Falando duramente, no plano cível, o Código Civil iguala atear fogo, estrangular ou causar aleijão a um animal, como a praticar esses mesmos atos de crueldade a uma mesa ou a uma cadeira. O que, a olhos vistos, não foi e nem é a vontade da Constituição Federal. Tanto que, no plano penal, regulamentando parte do Art. 225, §1º, Inciso VII, da Constituição, a Lei nº 9.605, de 1998, comina pena de prisão a todo aquele que praticar ato de abuso, maus-tratos, ferir ou mutilar animais.
Em que ponto o Congresso Nacional acha que o Art. 225, §1º, Inciso VII, da Constituição Federal, confere apenas tutela penal aos animais, a justificar a sua injustificável mora legislativa? A incumbência do Poder Público é de proteger a fauna, de modo que os animais não sejam submetidos a crueldade. Não há determinação para que o Poder Público divorcie seu poder-dever do Direito Civil, muito menos para rebaixar os animais à categoria de “coisa”.
E para o drama dos animais, o Brasil assiste com admiração a eclosão da legislação estrangeira que reconhece agora os animais como “seres sencientes”, quando desde 1987 nosso legislador constituinte originário já havia cravado no texto da Lei Maior a classificação dos animais como sujeitos de direito, passíveis de tutela estatal. Aplaudimos, assim, o que é de fora e quando é de fora, mesmo que seja algo já existente aqui.
Felizmente, o drama dos animais parece chegar ao seu fim.

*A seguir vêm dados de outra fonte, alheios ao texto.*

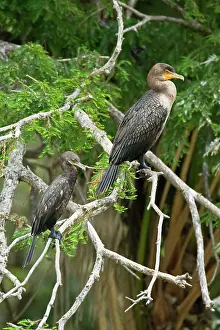 Neotropic: Double-crested Cormorant and Neotropic Cormorant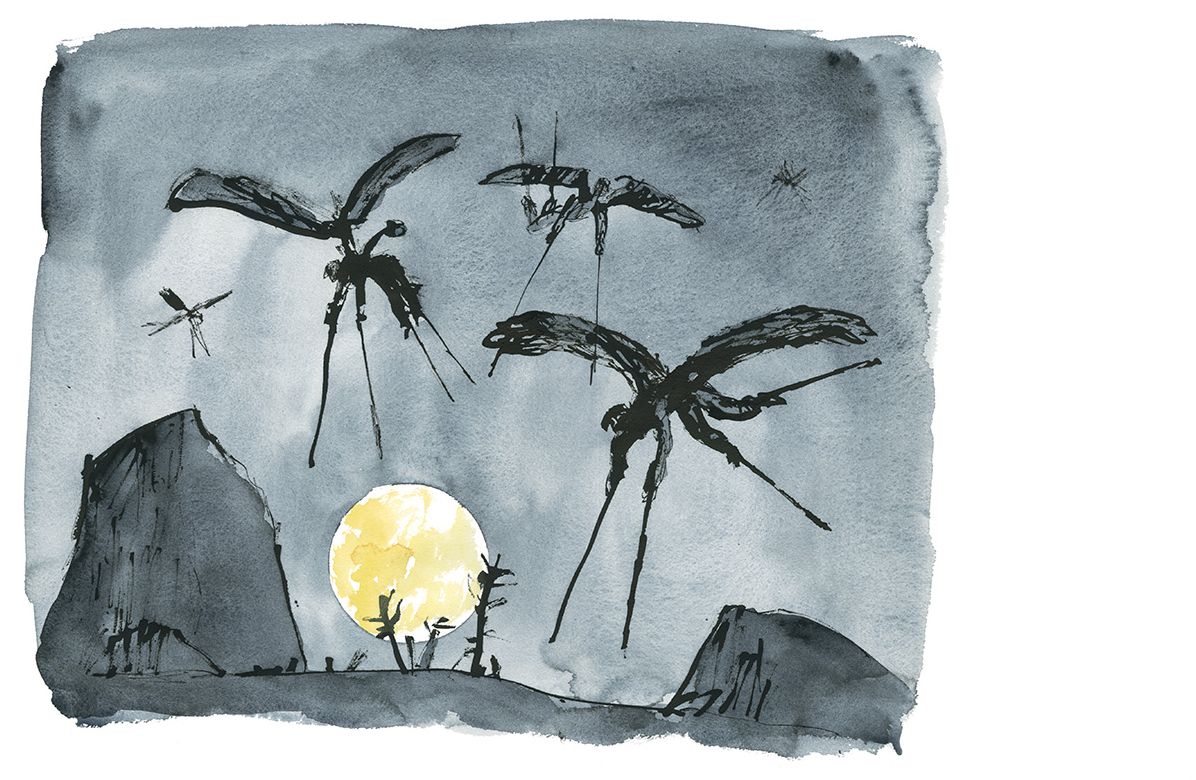 Moonlight Travellers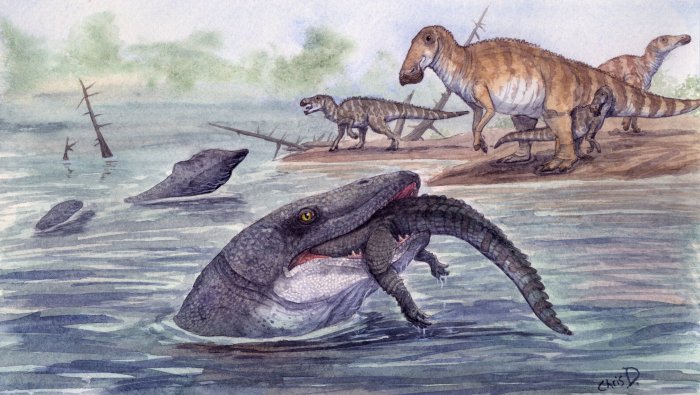 Sea Reptile's Tooth Shows That Mosasaurs Could Live In Freshwater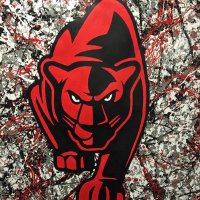 Petal Strength and Conditioning (@ironpanthers_16) 's Twitter Profile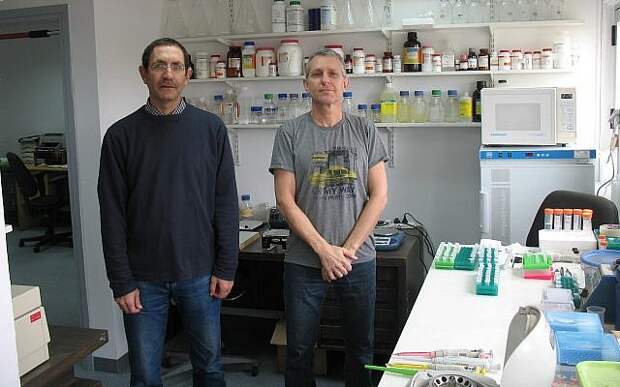 CEO and founder of the startup Accelerated Evolution Biotechnologies Ltd. (AEBI) Ilan Morad, right, with Hanan Itzhaki, the chief science officer, at their lab (Courtesy)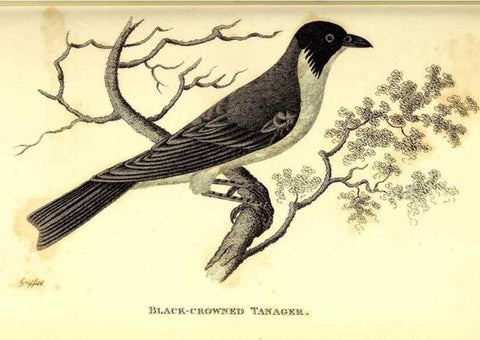 Reproducción/Reproduction 49830655316: General zoology, or Systematic natural history. London,Printed for G. Kearsley,1800-1826..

Vozes de renome ecoam no Congresso Nacional apresentando propostas legislativas para remediar a inconstitucionalidade por omissão que envergonha e mancha a imagem do Brasil na ordem jurídica internacional entre os países mais civilizados.
O Senador Antônio Anastasia apresentou projeto de lei (PLS 351/2015) que altera o Código Civil para determinar que os animais não sejam considerados como coisas. A proposta caminha a passos largos no Congresso Nacional, já aprovada no Senado, sendo encaminhada agora para a Câmara dos Deputados.

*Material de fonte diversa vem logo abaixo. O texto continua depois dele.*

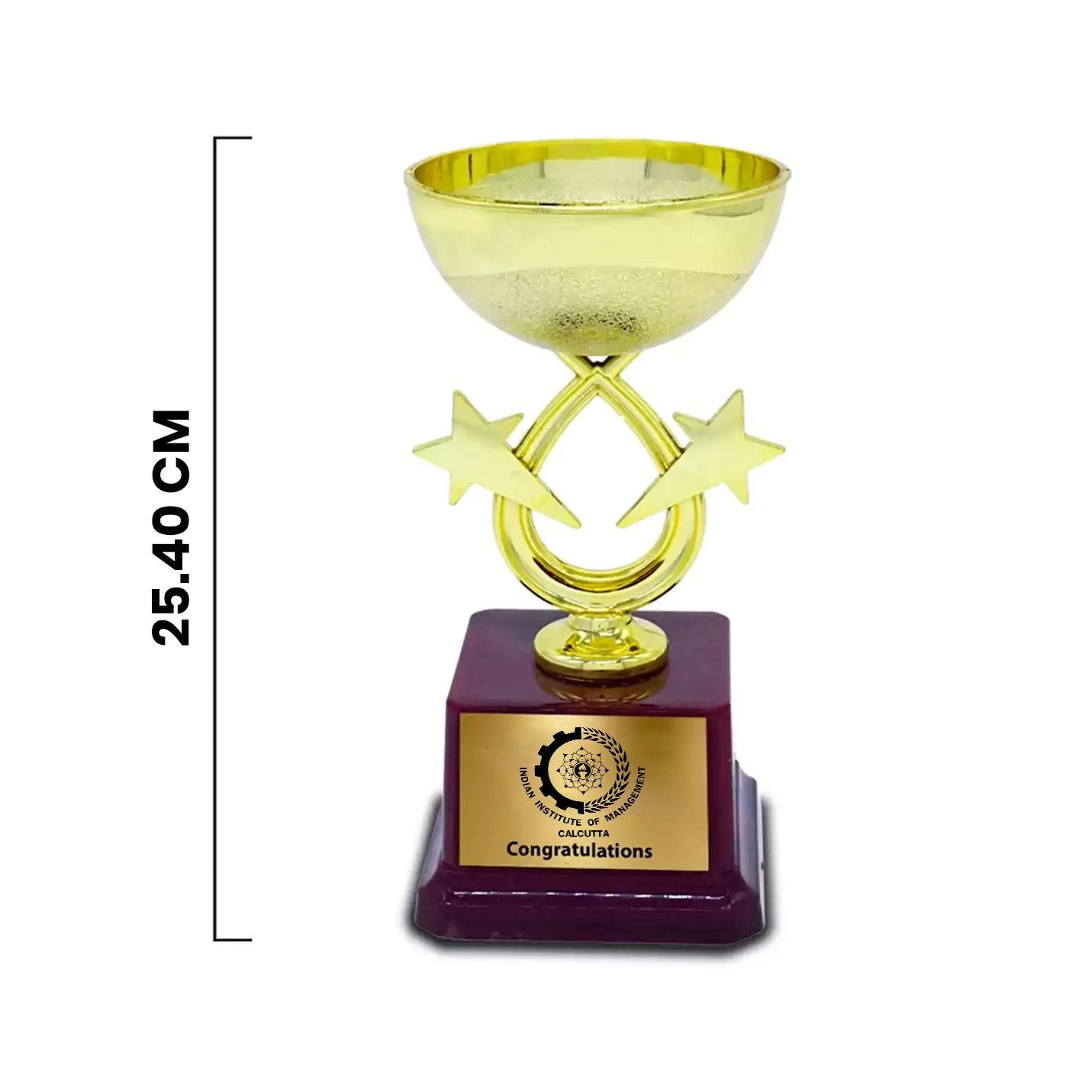 Best-Quality Golden Champion's IIMC Trophy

No Parecer aprovado pela Comissão de Constituição, Justiça e Cidadania do Senado, consignou seu Relator, o Senador Álvaro Dias:
“No que concerne ao mérito da proposta, podemos afirmar que, com o advento da Constituição Federal de 1988, o respeito ao meio ambiente foi elevado ao status de direito fundamental, em seu art. 225. A proteção e defesa dos animais, bem como a vedação à crueldade, são expressamente previstas em seu § 1º, inciso VII, ao prescrever como incumbência do Poder Público a proteção da fauna e da flora, vedadas, na forma da lei, as práticas que coloquem em risco sua função ecológica, provoquem a extinção das espécies ou submetam os animais a crueldade. Importa destacar, do capítulo constitucional que trata da proteção ambiental, o § 3º do art. 225, por instituir a responsabilidade civil, penal e administrativa às condutas e atividades consideradas lesivas ao meio ambiente
(...) Há, inegavelmente, um dever da coletividade e do Poder Público em defender e proteger os animais, haja vista os dispositivos constitucionais que vedam a crueldade contra estes seres vivos, e o de ampliação dessas garantias constitucionais”.

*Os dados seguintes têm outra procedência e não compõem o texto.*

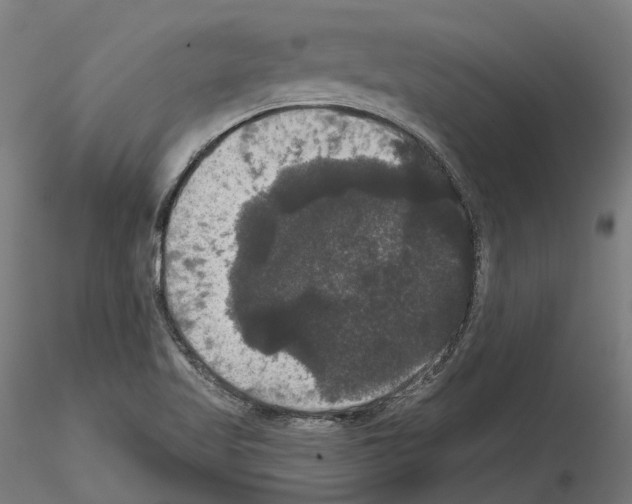 X0000114721509200912021142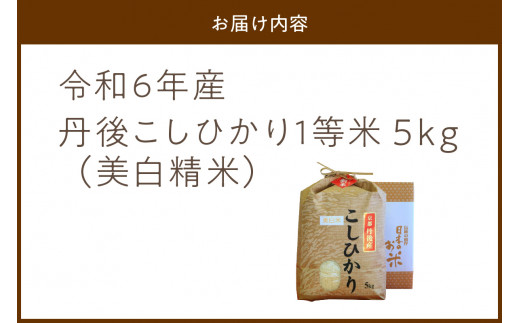 令和7年産 美白精米 丹後こしひかり 5kg 1等米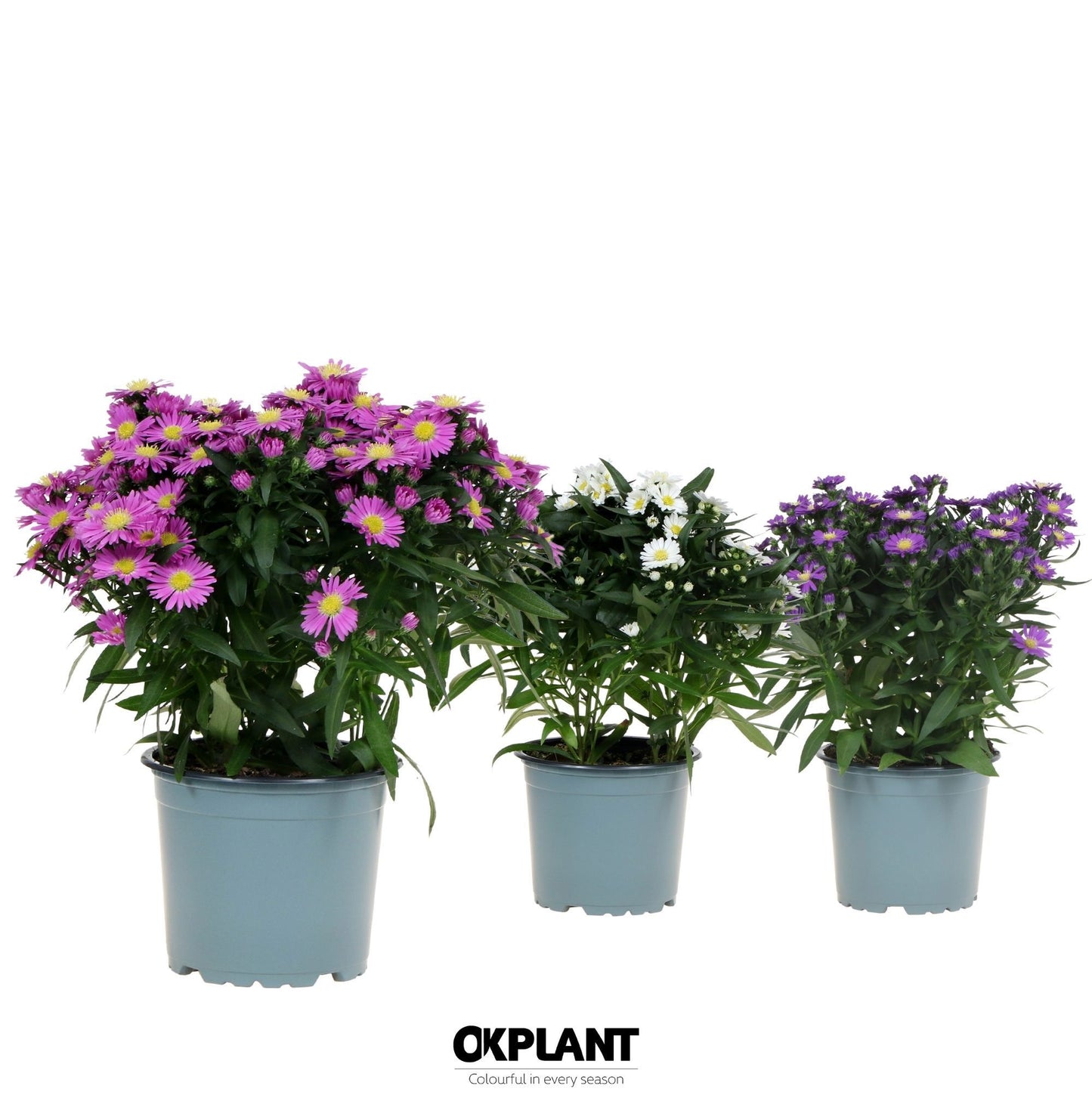 OK Plant Aster nb. Starletta mix Pack of 12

A matéria encontra-se na Comissão de Meio Ambiente e Desenvolvimento Sustentável da Câmara dos Deputados (07/06/2016). Designado Relator, o Deputado José Silva Soares.
Cumpre salientar que o projeto de lei aludido põe fim à inconstitucionalidade por omissão do Congresso Nacional, ao reconhecer os animais como “seres sencientes” – e não como coisas. Por isso, a matéria deve tramitar em regime de prioridade na Câmara, a bem do disposto no Art. 225, §1º, Inciso VII, da Constituição, que reclama máxima efetividade na tutela legislativa dos animais.